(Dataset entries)
<<<<

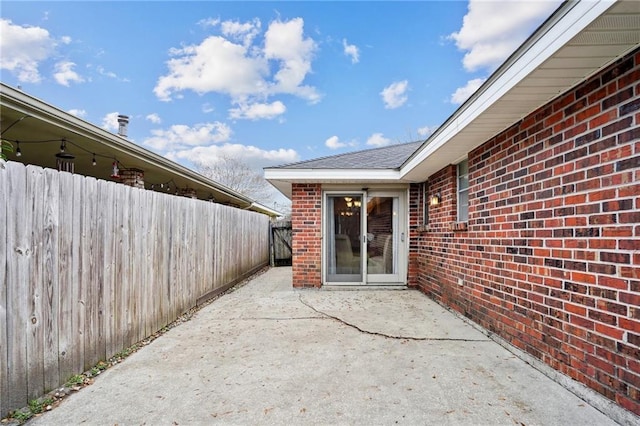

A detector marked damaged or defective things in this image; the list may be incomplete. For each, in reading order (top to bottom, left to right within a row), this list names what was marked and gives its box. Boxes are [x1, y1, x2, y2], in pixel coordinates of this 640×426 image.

concrete crack [300, 292, 490, 342]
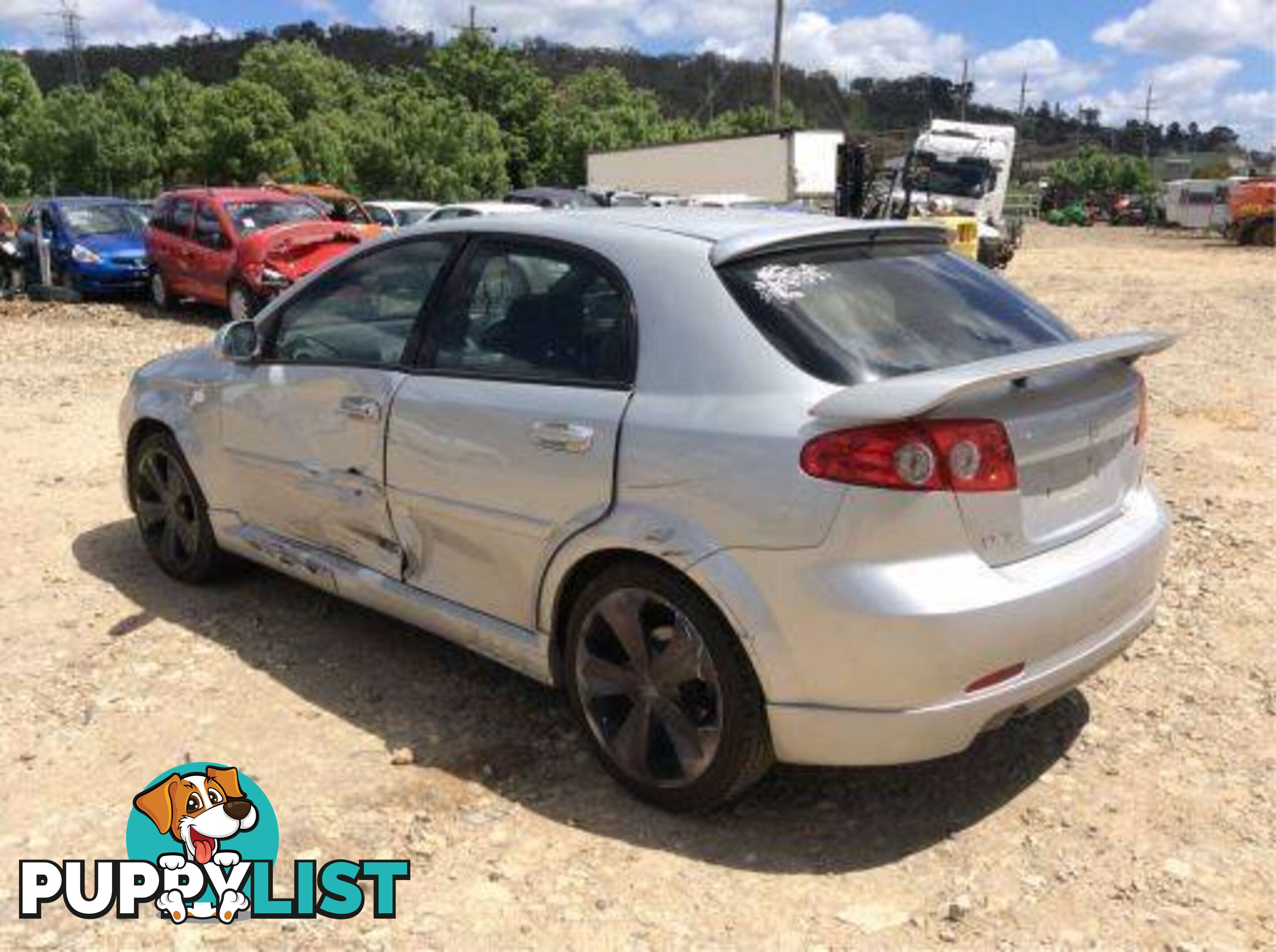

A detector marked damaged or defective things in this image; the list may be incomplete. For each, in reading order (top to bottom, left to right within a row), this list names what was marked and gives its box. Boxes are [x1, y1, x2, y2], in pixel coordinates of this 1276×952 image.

damaged car door [220, 237, 459, 579]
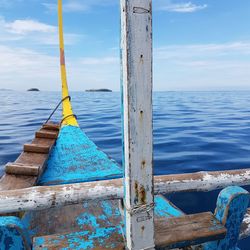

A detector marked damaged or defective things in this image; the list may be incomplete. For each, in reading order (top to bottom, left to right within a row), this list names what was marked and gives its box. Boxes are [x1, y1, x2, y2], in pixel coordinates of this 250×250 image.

peeling blue paint [38, 125, 123, 186]
peeling blue paint [0, 216, 31, 249]
peeling blue paint [204, 186, 249, 250]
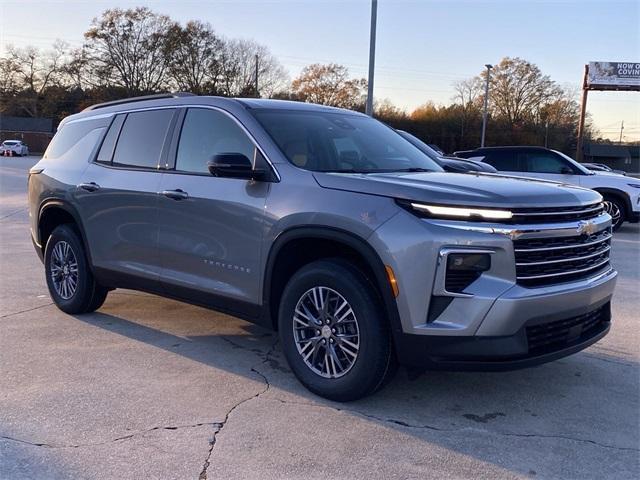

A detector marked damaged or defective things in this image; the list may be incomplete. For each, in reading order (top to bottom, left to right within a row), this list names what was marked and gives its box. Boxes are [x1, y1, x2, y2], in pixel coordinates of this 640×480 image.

crack in pavement [0, 424, 220, 450]
crack in pavement [200, 366, 270, 478]
crack in pavement [264, 398, 640, 454]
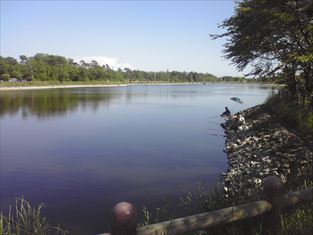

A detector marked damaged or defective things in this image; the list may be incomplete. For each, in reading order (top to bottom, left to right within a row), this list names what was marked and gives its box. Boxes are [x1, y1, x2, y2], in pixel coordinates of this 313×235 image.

rusty post [111, 202, 137, 235]
rusty post [262, 175, 284, 234]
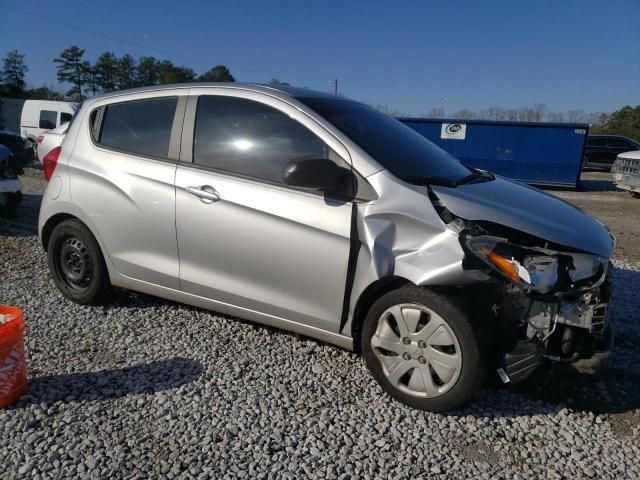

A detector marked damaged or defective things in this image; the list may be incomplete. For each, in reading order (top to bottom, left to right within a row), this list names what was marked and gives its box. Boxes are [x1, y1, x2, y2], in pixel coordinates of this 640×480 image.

crushed hood [430, 176, 616, 258]
front-end collision damage [348, 171, 616, 380]
broken headlight [464, 235, 604, 294]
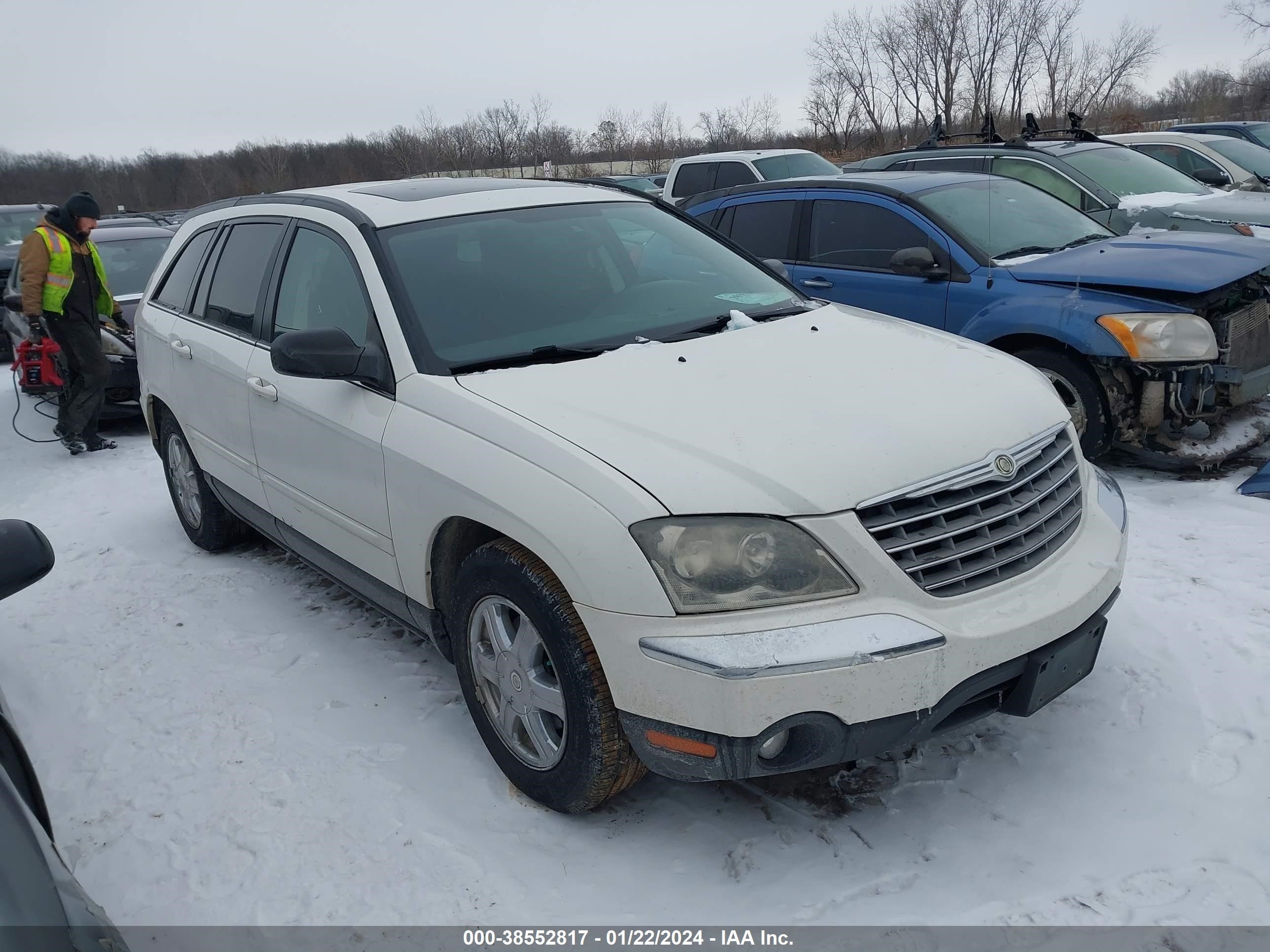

>>>>

-- WHAT YOU NEED TO DO --
An exact copy of the entries, minus the pictures, is what to return.

-- ANSWER TO THIS TASK --
A detector marked damaged or defective things in this image; the list may be incomplete. For each, in reading order (top to bottom, left to right within a row), this list names what was marked and gives its box. Boxes are [x1, y1, x2, y2], in pixel coordinates of this 640×426 image.

concrete crack [300, 292, 490, 342]

A detector marked damaged or defective things in this image; the list may be incomplete. For each, in reading order (top to bottom, left to right within a row), this list names what was marked and gives its box. Boxes are [x1, y1, x2, y2], in pixel coordinates of this 1276×952 image.

damaged car door [220, 237, 459, 579]

A detector marked damaged or defective things in this image; the list may be incomplete. For each, in reading order (top to bottom, left to right within a row), this list names what was marked and gives its box. Boxes are [x1, y1, x2, y2], in pixel coordinates of this 250×250 image.

peeling blue paint [38, 125, 123, 186]
peeling blue paint [0, 216, 31, 249]
peeling blue paint [204, 186, 249, 250]

A detector marked damaged or defective things in this image; the list may be incomplete. For each, in reading order (top to bottom, left to right within a row), this list names what was marked and gives its box. Boxes are [x1, y1, x2, y2], in pixel coordinates of this 640×480 image.

crack in pavement [0, 424, 220, 450]
crack in pavement [200, 366, 270, 478]
crack in pavement [264, 398, 640, 454]

A detector marked damaged or defective things in this image; the list may be incomplete. For each, in reading order (top to bottom, left to right within a row), this list names what was marked and gives its box. Boxes are [x1, y1, x2, y2], in pixel coordinates of this 313×235 image.

rusty post [111, 202, 137, 235]
rusty post [262, 175, 284, 234]

A detector marked damaged or defective things in this image; the list may be incomplete. For each, in reading order (top to bottom, left to right within a row), this list names what was marked and gives its box. Boxes are [x1, y1, x2, y2], in pixel coordinates of this 640×480 image.

crushed hood [430, 176, 616, 258]
front-end collision damage [348, 171, 616, 380]
broken headlight [464, 235, 604, 294]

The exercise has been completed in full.